### Task directions
Return, word for word, the line that contains "Capitol Reef National Park Poster | S05" and every line after it through the end of the records.

### Data supplied
Start of Block

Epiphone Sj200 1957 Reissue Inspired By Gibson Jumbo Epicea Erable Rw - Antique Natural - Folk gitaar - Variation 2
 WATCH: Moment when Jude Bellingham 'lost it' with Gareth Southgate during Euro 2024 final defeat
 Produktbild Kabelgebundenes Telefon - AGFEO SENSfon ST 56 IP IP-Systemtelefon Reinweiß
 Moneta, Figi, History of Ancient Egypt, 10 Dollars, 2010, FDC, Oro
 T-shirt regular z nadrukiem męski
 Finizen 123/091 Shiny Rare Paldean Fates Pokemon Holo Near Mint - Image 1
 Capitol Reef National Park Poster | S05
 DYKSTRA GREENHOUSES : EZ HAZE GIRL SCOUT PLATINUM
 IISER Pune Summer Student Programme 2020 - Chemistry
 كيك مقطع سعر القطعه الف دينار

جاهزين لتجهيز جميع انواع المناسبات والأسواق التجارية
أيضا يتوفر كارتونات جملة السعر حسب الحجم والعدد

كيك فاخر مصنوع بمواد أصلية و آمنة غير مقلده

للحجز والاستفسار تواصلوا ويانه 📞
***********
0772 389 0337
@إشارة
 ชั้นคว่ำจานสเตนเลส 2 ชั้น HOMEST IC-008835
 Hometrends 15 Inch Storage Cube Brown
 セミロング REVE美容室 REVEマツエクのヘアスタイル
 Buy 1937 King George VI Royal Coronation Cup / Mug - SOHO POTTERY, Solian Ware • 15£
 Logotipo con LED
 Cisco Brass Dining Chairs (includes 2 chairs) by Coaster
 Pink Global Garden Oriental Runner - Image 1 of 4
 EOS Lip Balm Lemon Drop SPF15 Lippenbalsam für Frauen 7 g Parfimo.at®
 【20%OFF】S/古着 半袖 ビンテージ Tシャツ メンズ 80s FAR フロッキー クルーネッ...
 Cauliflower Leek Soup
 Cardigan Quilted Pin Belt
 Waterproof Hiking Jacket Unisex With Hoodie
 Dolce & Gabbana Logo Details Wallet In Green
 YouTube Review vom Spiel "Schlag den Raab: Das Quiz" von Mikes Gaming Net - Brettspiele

End of Block

### Exercise result
 Capitol Reef National Park Poster | S05
 DYKSTRA GREENHOUSES : EZ HAZE GIRL SCOUT PLATINUM
 IISER Pune Summer Student Programme 2020 - Chemistry
 كيك مقطع سعر القطعه الف دينار

جاهزين لتجهيز جميع انواع المناسبات والأسواق التجارية
أيضا يتوفر كارتونات جملة السعر حسب الحجم والعدد

كيك فاخر مصنوع بمواد أصلية و آمنة غير مقلده

للحجز والاستفسار تواصلوا ويانه 📞
***********
0772 389 0337
@إشارة
 ชั้นคว่ำจานสเตนเลส 2 ชั้น HOMEST IC-008835
 Hometrends 15 Inch Storage Cube Brown
 セミロング REVE美容室 REVEマツエクのヘアスタイル
 Buy 1937 King George VI Royal Coronation Cup / Mug - SOHO POTTERY, Solian Ware • 15£
 Logotipo con LED
 Cisco Brass Dining Chairs (includes 2 chairs) by Coaster
 Pink Global Garden Oriental Runner - Image 1 of 4
 EOS Lip Balm Lemon Drop SPF15 Lippenbalsam für Frauen 7 g Parfimo.at®
 【20%OFF】S/古着 半袖 ビンテージ Tシャツ メンズ 80s FAR フロッキー クルーネッ...
 Cauliflower Leek Soup
 Cardigan Quilted Pin Belt
 Waterproof Hiking Jacket Unisex With Hoodie
 Dolce & Gabbana Logo Details Wallet In Green
 YouTube Review vom Spiel "Schlag den Raab: Das Quiz" von Mikes Gaming Net - Brettspiele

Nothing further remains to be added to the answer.